Fake Medieval doorway, 1-3 Rue des Ursins
At first glance, the beautifully carved wooden door at 1-3 Rue des Ursins appears as if it wouldn’t look out of place upon one of the great medieval mansions of Le Marais. However, look at the building a little more closely, and it soon becomes apparent that the construction is much more modern. As it turns out, the placement of the door only dates back to 1958, though the materials are much older!
26 Rue Chaoinesse
Close to the prettiest café in Paris, Au Vieux Paris d’Arcole (you’ll know it when you see it! It’s pretty insta-famous), there’s an unsuspecting maroon door. All Haussmannian in design, it’s not until you step behind the door frame that you’ll soon discover that the paving stones are actually repurposed gravestones from a church which was demolished during the 19th-century!
Oldest clock in Paris
The oldest public clock in the city is quite literally passed by millions of people on an annual basis. However, many of the tourists and residents of the city alike fail to glance up at the side of the Conciergerie, in the process missing one of the greatest hidden gems of Île de la Cité. The oldest public clock in Paris dates back to the 14th-century, though a recent renovation in 2012 has left it looking sparkling new!
Paris Point Zero
Next time you’re on the Parvis of Notre Dame, either looking to queue to enter the Cathedral, visiting the annual bread market of Paris, or simply admiring the Christmas tree that adorns the square during the winter, be sure to look down. That way, you’ll clearly see ‘Paris Point Zero,’ a little plaque which indicates the point from which all distances in France are measured.

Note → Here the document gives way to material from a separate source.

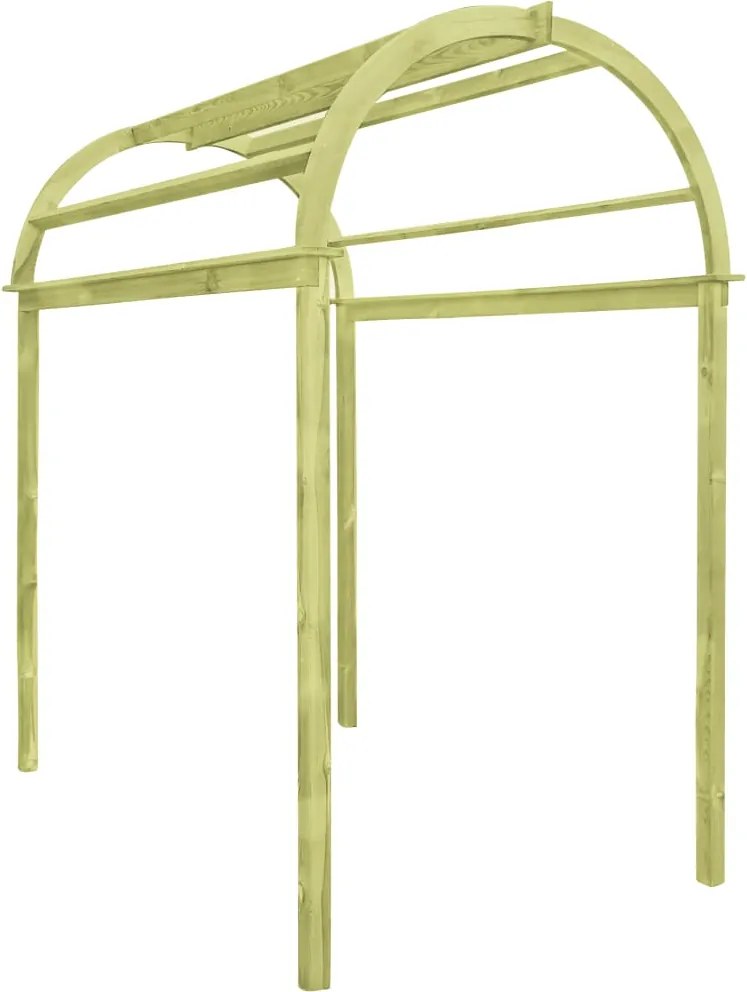vidaXL impregnált fenyőfa rácsos boltív 125 x 150 x 235 cm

The oldest hospital in Paris can be found steps away from Notre Dame and is called ‘Hôtel Dieu’ (Hospital in English). While many walk past on a daily basis, what you may not realise is that you can actually enter the courtyard of the hospital for free and admire the stunning architecture and well-manicured borders to be found there.
I first visited a couple of years ago with a now-ex-boyfriend in tow and was pretty impressed with what I discovered inside!. At the time, it was unclear as to whether you were allowed to visit or not. However, a large plaque on the grand entrance’s exterior now declares that visitors are welcome!
Once inside, there’s plenty of Italianate Gardens and 19th-century architecture to admire. From twisting staircases to long galleries, there are countless photo angles to capture and it’s a great escape from the crowds which inevitably flock to the area to see Notre Dame.
For the very best view of Notre Dame without the crowds, you need to head just a few metres off the beaten tourist track. For, Rue Massillon connects massively popular Rue Cloître du Notre Dame (i.e. one of the avenues which run alongside the ecclesiastical building) and Rue Chaoinesse.
Once part of the long-destroyed cloisters of Notre Dame, this road was created in the 19th-century, although several buildings date back to the 17th and 18th centuries. However, what is particularly notable about this secret spot on Île de la Cité is its particularly impressive view of Notre Dame!